Kevin Maxwell’s opinion article is half right in his assessment of aircraft noise in Scottsdale, but totally misses the mark on the FAA’s Sky Harbor NextGen process and the havoc it has wreaked across our city.
After the FAA refused good faith negotiations, Phoenix and the Historic Districts were forced to successfully sue the FAA to get it to remand new NextGen departure flight paths after the U.S Court of Appeals judged them illegal. With Scottsdale’s legal effort now following the Phoenix precedent with exactly the same issues, it seems odd to call it a “fool’s errand.”

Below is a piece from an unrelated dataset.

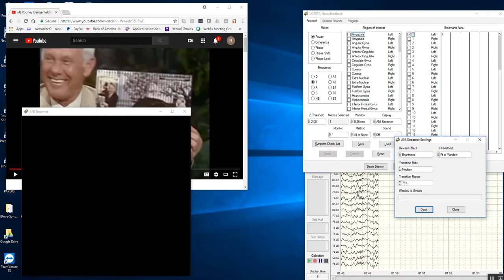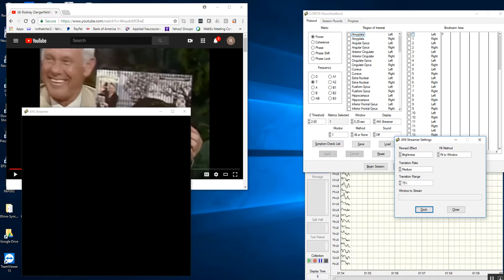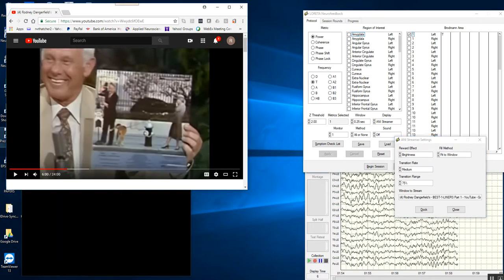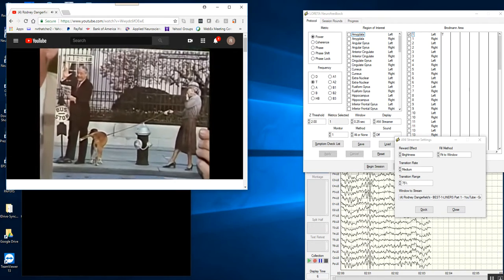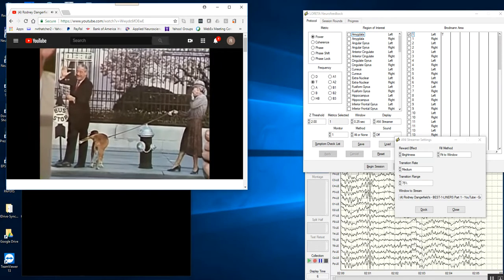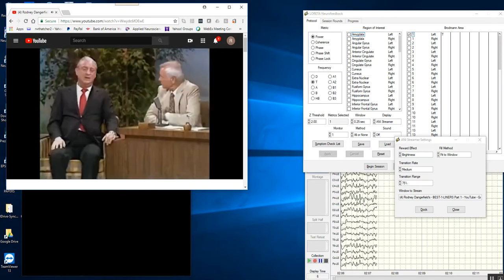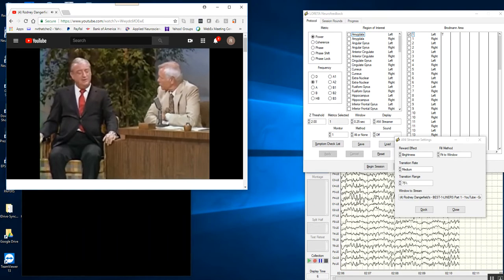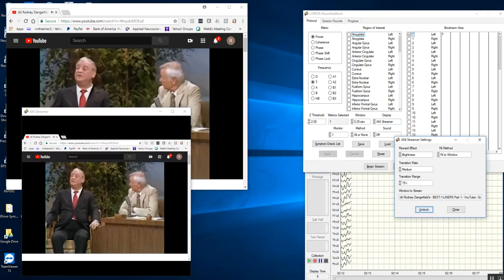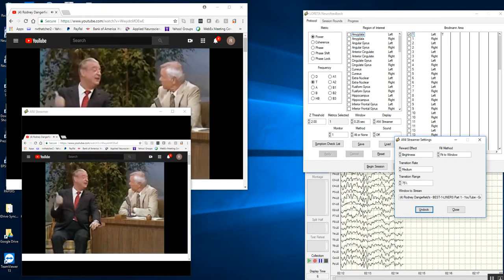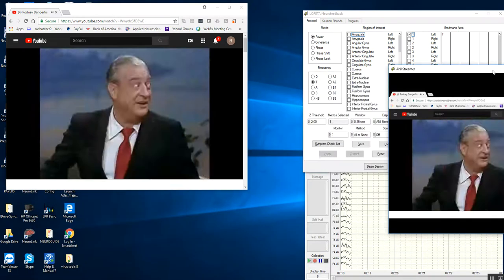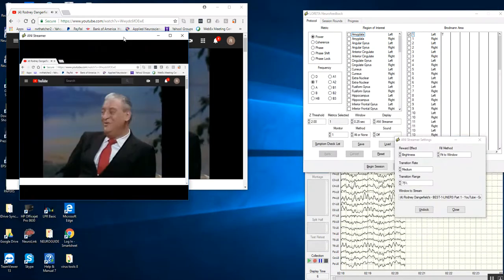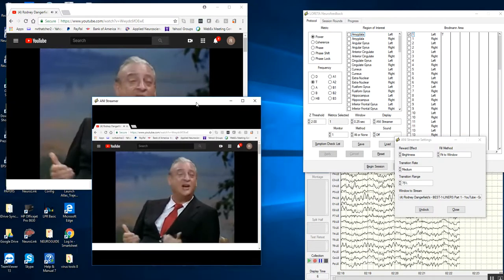The first thing you want to do, I have a YouTube here. I could have anything—it could be Netflix, you name it—but you want to just simply click on that. I'm going to start it going. You can see in here what you selected. This happened to be Rodney Dangerfield Best Liners, and now I'm going to dock it in the display that will be placed on the subject's monitor. This is the docker itself. This is what we will move to the subject's monitor to do biofeedback.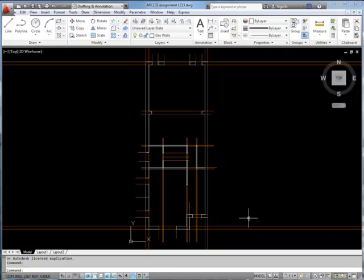Hi, Verity Bird here from Southampton Solent University. This is the outline of the house that we prepared in the first tutorial and in this one we're going to put some windows in.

It was singularly the FAA’s new NextGen eastern departure flight paths themselves that were moved from more diverse and rural areas to fly right down the center of Scottsdale that created the resident upheaval in Scottsdale communities. Since Phoenix and the Districts were only concerned with western departures, they did not include the eastern paths in their settlement with the FAA. But that does not mean the eastern departure paths were excluded from the Court’s ruling.
There will be no ping pong between Phoenix and Scottsdale. The eastern and western flight paths are totally different geographically and are not active at the same time.
The City of Scottsdale, its mayors and City Council members have responded appropriately to work with residents to combat the degradation of Scottsdale’s treasured quality of life. Scottsdale presented alternatives to the FAA offering reasonable modifications which the FAA rejected out of hand without any discussion whatsoever.
Yes, Kevin, the FAA considers the issue over, settled and put to bed. But Scottsdale and its residents do not. This errand is well worth the effort when you read the Court’s opinion from the Phoenix judgment that stated “...we ... vacate the Sept. 18, 2014, order implementing the new flight departure routes at Sky Harbor International Airport...” In other words, all new departure routes at Sky Harbor were found to be illegal.
Please read the city’s legal brief of April 26. You can find it on the SCANA website at airplanenoise.org. After reading it, we would hope no one would consider it a “fool’s errand.” While there is never an assurance of victory with any legal proceeding, the FAA leaves no other choice but to sue, or capitulate.
Kevin is correct that Sky Harbor is not the only source of airplane noise in Scottsdale. The general aviation airports he mentioned unquestionably create significant noise issues for many residents and is an important issue that must be addressed. But don’t muddle the two together. They are both real but require different solutions.
Thousands of residents are thankful the City of Scottsdale is representing them and trying to restore the lifestyle they once enjoyed. It has nothing to do with “wealthy” neighborhoods. It has to do with a federal bureaucratic agency, the FAA, that refuses to listen and tramples on the citizens it serves. It has everything to do with doing the right thing.
Editor’s Note: Bud Kern is chair of SCANA (Scottsdale Coalition for Airplane Noise Abatement) and a Scottsdale resident.